▶ _Task to complete_: With pictures excluded, give again exactly the lines running from the one holding "Myrto Hotel 29/90" through the end of the listing below.

▶ _Stored data_:
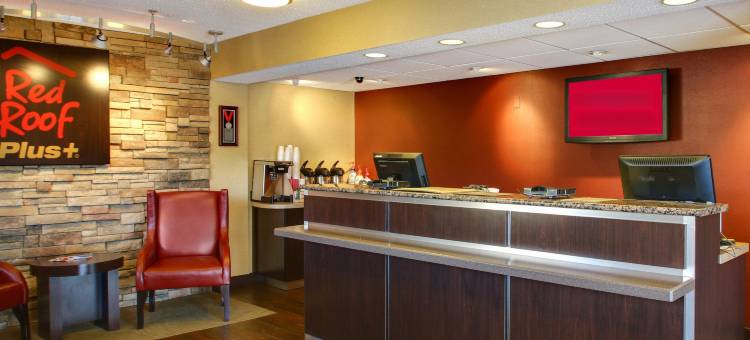 斯泰茨维尔红屋顶PLUS+酒店(Red Roof Plus+ Statesville)图片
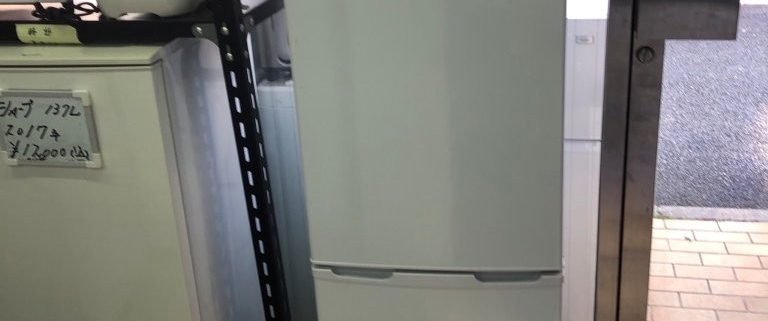 店頭に展示されたアイリスオーヤマ製冷蔵庫AF162-Wの外観(扉を閉じた状態)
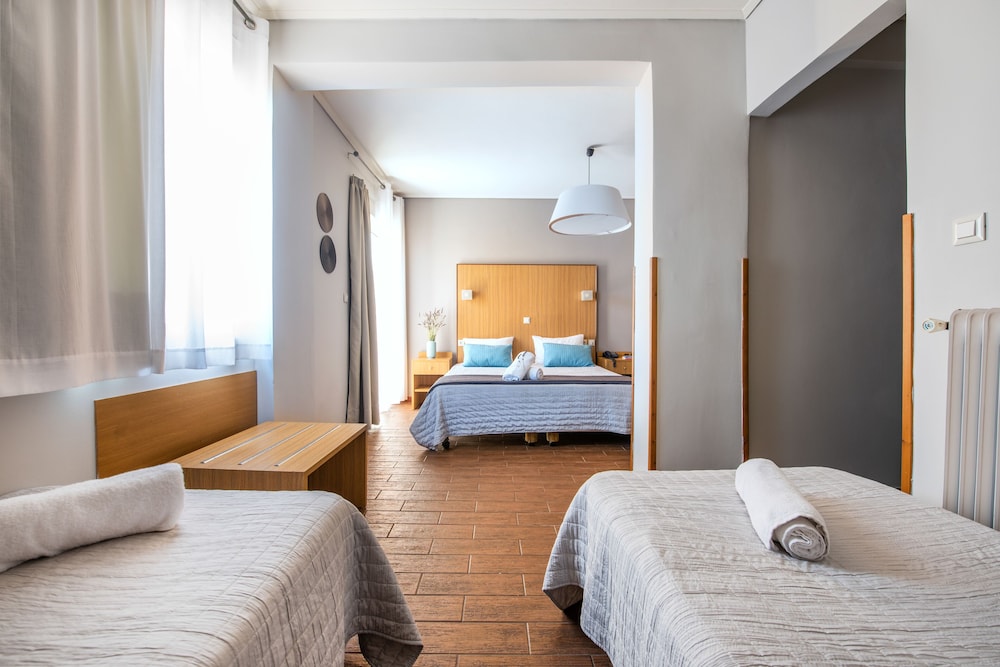 Myrto Hotel 29/90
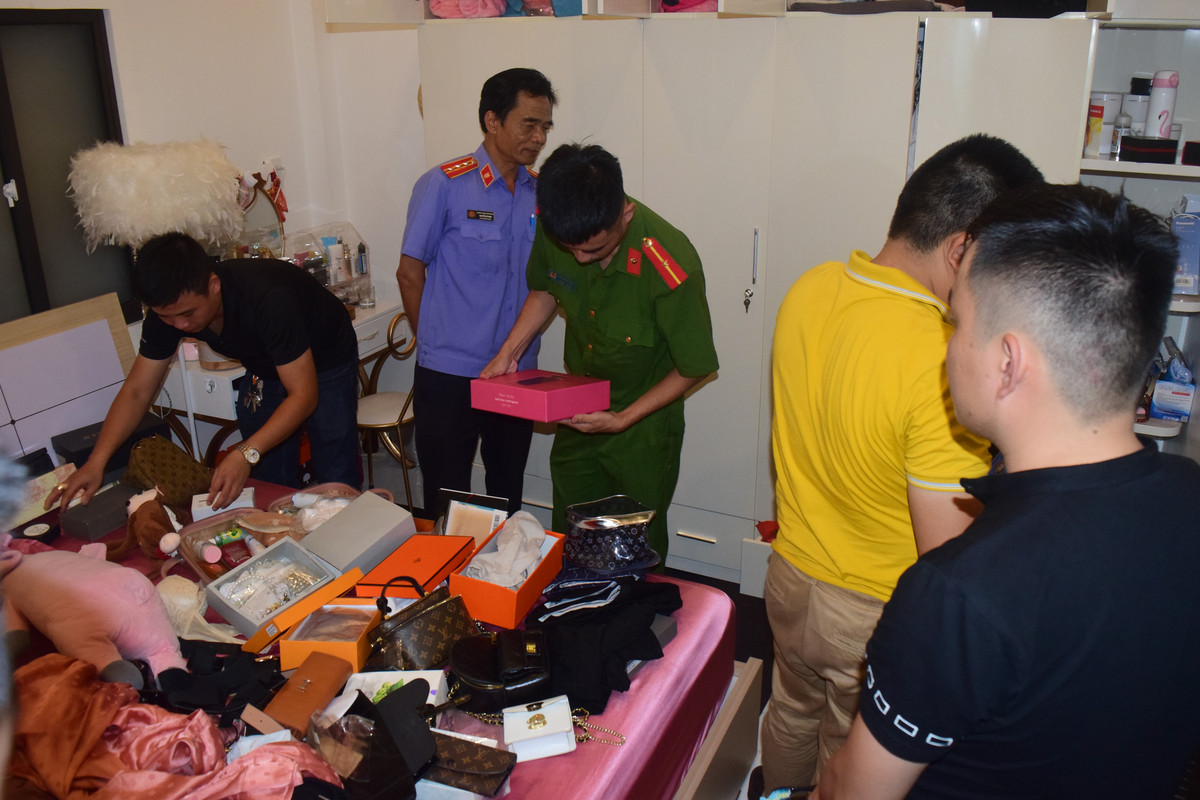 Đánh cắp mã OTP ngân hàng, chiếm đoạt hơn 100 tỉ đồng của người bán hàng online - Hình 2 Danh cap ma OTP ngan hang, chiem doat hon 100 ti dong cua nguoi ban hang online-Hinh-2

▶ _Reply_:
 Myrto Hotel 29/90
 Đánh cắp mã OTP ngân hàng, chiếm đoạt hơn 100 tỉ đồng của người bán hàng online - Hình 2 Danh cap ma OTP ngan hang, chiem doat hon 100 ti dong cua nguoi ban hang online-Hinh-2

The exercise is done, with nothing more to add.